In 2021 West Springfield voted to establish a public utility department tasked with creating a town-owned fiber-optic cable network. They urged locals to sign up for a $1.5 million pilot program in four local neighborhoods, and submitted applications to Verizon and Eversource to ensure access to utility poles to begin “make ready” fiber attachment preparations.

But the city faced intentional delays in getting pole attachment approval from Verizon, which hasn’t been keen to see a new competitor emerge in a market they’d long dominated. Incumbent monopolies routinely employ intentional pole attachment delays in a bid to slow down–or derail entirely–the arrival of new fiber competitors.

But things seem to have accelerated since, with the city recently holding a groundbreaking ceremony in conjunction with Westfield Gas and Electric. Utility pole “make ready” work is now about 80 percent complete in the city’s pilot neighborhoods, and should be completed by April.

The city’s full network deployment is expected to cost somewhere between $25 and $30 million, starting with a smaller $1.5 million pilot project and the construction of a key $637,677 fiber hut. Most of the incurred project debt will be paid for with bonds, ARPA (American Rescue Plan Act) grants, and ultimately – revenue from the city’s popular project.

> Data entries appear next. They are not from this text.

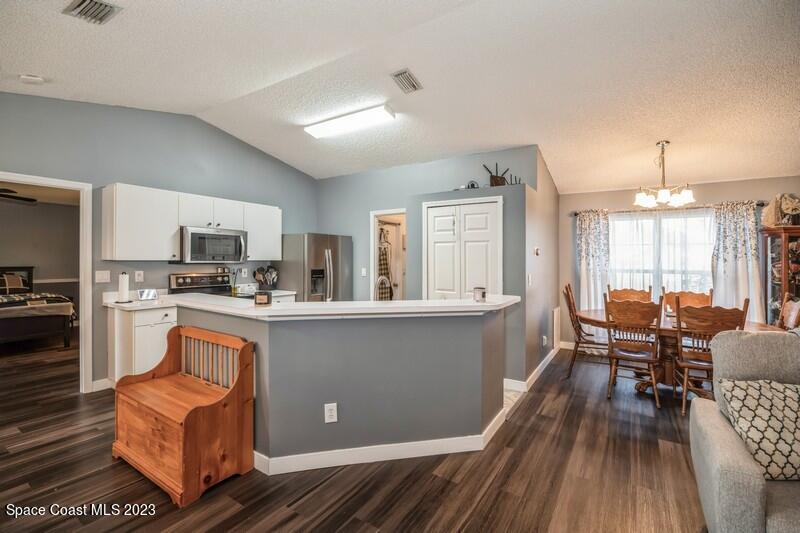6475 Addax Avenue Cocoa, FL 32927 - Photo 5 of 31 a kitchen with a table chairs refrigerator and cabinets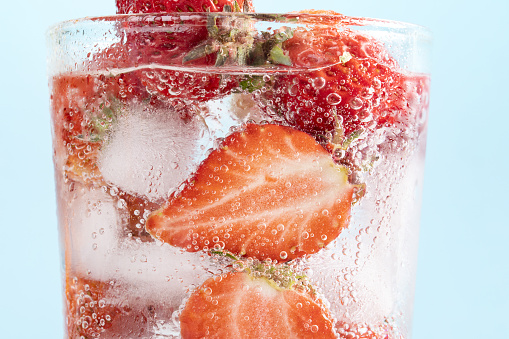 A closeup shot of berries and ice in sparkling water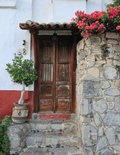 A rustic double wooden door in Tapalpa, Mexico, set in a white and red stucco wall, with a stone wall on the right adorned with bright pink flowers and a potted tree on the left.
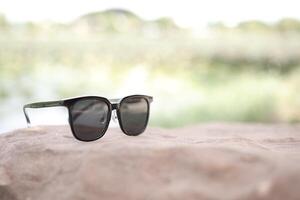 Sunglasses on the beach in summer photo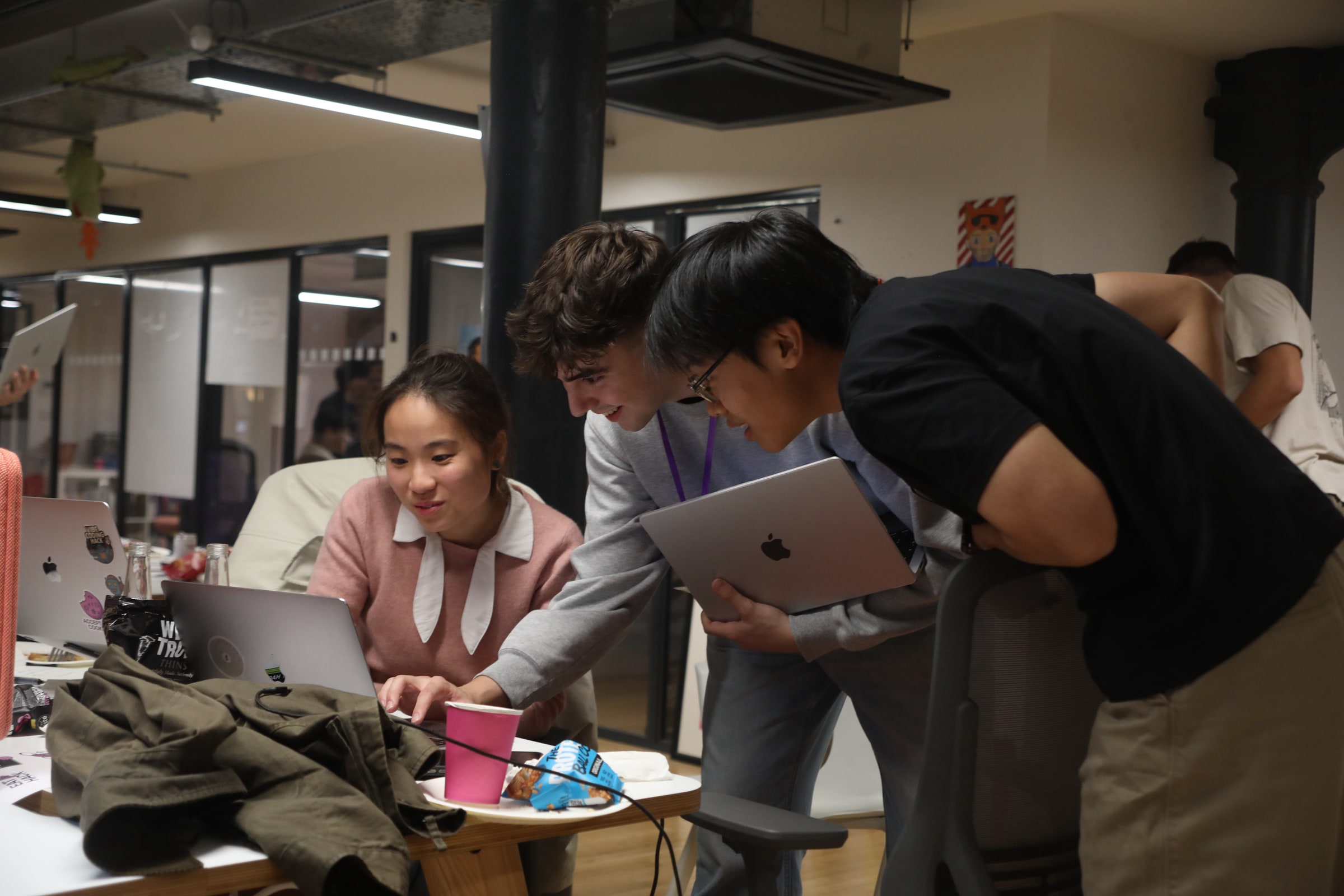 Three participants lean over a laptop together under strip lights, one holding up a second laptop, in an open-plan office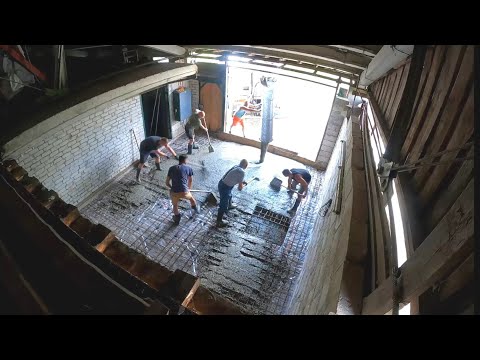 Pouring concrete floor for 2 post car lift, using power trowel for the first time.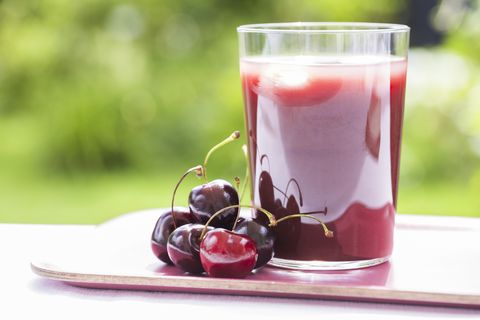 Glass of Cold cherry  juice in garden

The city’s new fiber hut, at 1695 Westfield St. in Mittineague Park, will serve 20 neighborhoods, West Springfield Chief Technology Officer Stephanie Straitiff recently told The Reminder.

Once pole make-ready work and the new fiber hut is completed, the city expects to begin stringing fiber beginning this spring, with customer service going live in the pilot neighborhood before the end of the year. The city maintains a progress map on the Whip City Fiber website, tracking which neighborhoods will see deployment priority.